Ahmed sentiu o braço direito rodar e quase explodir de dor, preso atrás das costas. Levou um murro no estômago e a dor transferiu-se para aí, aguda e devastadora. Contorceu-se sobre si próprio e bateu com a testa no chão. Sentiu dois pontapés nas costelas e um no nariz. Tentou abrir os olhos e viu tudo vermelho; era o sangue que lhe jorrava abundantemente pela cara. Mas no meio de toda aquela barafunda conseguiu vislumbrar de relance os homens que intervieram e, reconhecendo os rostos sérios e compenetrados, percebeu que estava perdido.
Eram polícias à paisana.
O juiz tinha um ar algures entre displicente e indiferente no momento em que ergueu o martelo de madeira e olhou para o rapaz que, do banco dos réus, o fitava com assustada ansiedade.
"Por ofensas à integridade física de um turista e à integridade moral de uma mulher", proclamou apaticamente, "condeno o arguido, Ahmed ibn Barakah, a três anos de prisão!"

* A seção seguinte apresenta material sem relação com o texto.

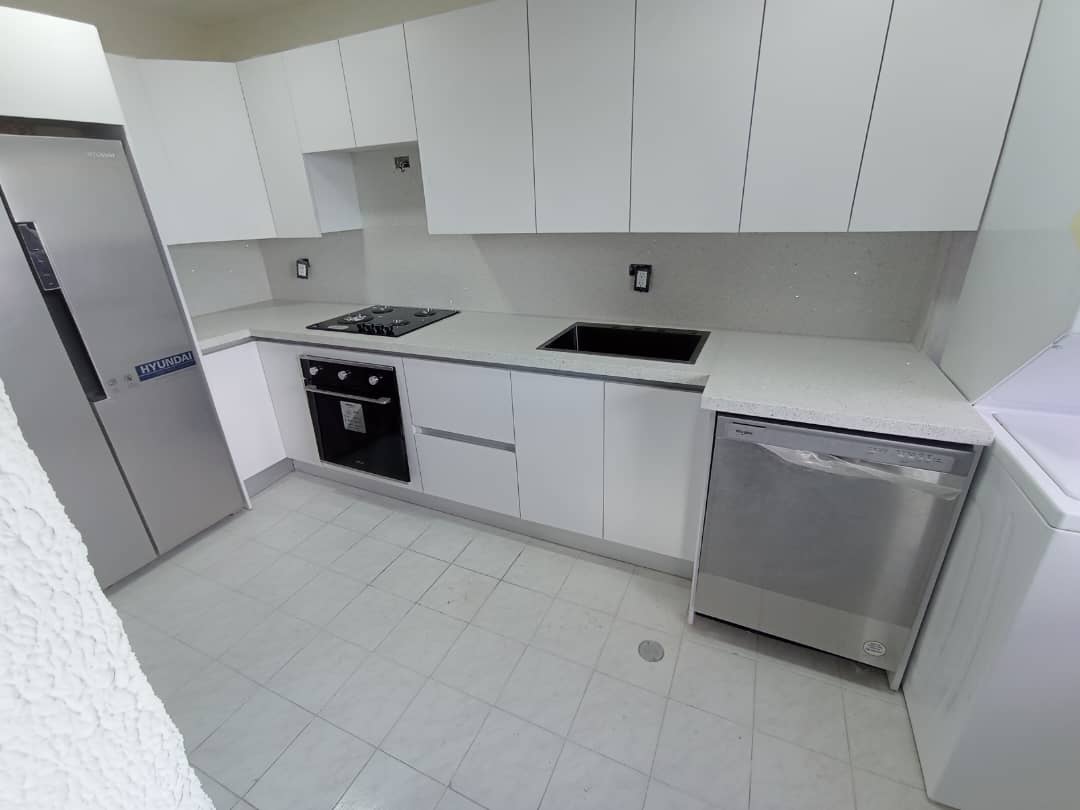 Cocina empotrada en PVC Caracas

O martelo caiu com estrondo na mesa.
Pak.
Acto contínuo, um polícia puxou-o pelos ombros e Ahmed mal teve tempo de ver a mãe esconder a cara para ocultar as lágrimas, o pai estremecer de vergonha nas bancadas semi-desertas do tribunal e Arif abanar a cabeça de desalento. Num piscar de olhos saiu da sala de audiências e foi arrastado pelos corredores deslavados e opressivos até ao carro celular, onde o aguardavam os outros condenados do dia. Fazia calor, como sempre no Cairo, mas o que lhe ardia nesse dia era a alma. De medo e de indignação.
Sentou-se no carro celular, os olhos perdidos no infinito, enquanto aguardava que chegassem ainda mais condenados e os levassem para a cadeia. Três anos de prisão por ter posto na ordem um kafir e a sua prostituta! Três anos! Mas que país era aquele que dava mais importância a dois kafirun que a um crente? Ainda por cima, ele limitara-se a responder às agressões de um desses cães! Abanou a cabeça, num misto de indignação e de comiseração. Queriam lá ver aquilo? Um kafir já era mais importante do que um crente! Como era possível?! Um kafir tornara-se mais importante do que um crente! Por Alá, onde aquele país já chegara!...
Aos olhos de Ahmed, o seu julgamento resumia-se a uma narrativa de simplicidade arrepiante. O
turista americano não passava afinal de um jornalista que estivera a cobrir a guerra civil no Líbano. Viera ao Cairo com a sua meretriz libanesa, uma cadela cristã decerto apaniguada dos malditos Gemayel, e, por vingança pelo justo correctivo que lhe fora aplicado, usara toda a sua influência para arregimentar a embaixada americana e pressionar a condenação de um crente. O governo, constituído evidentemente por fantoches dos Americanos, vira-se decerto forçado a meter-se ao barulho e pressionara o tribunal. O juiz tinha tido medo e condenara-o. Realmente, só assim se conseguia entender que o juiz desse mais importância a um kafir do que a um crente.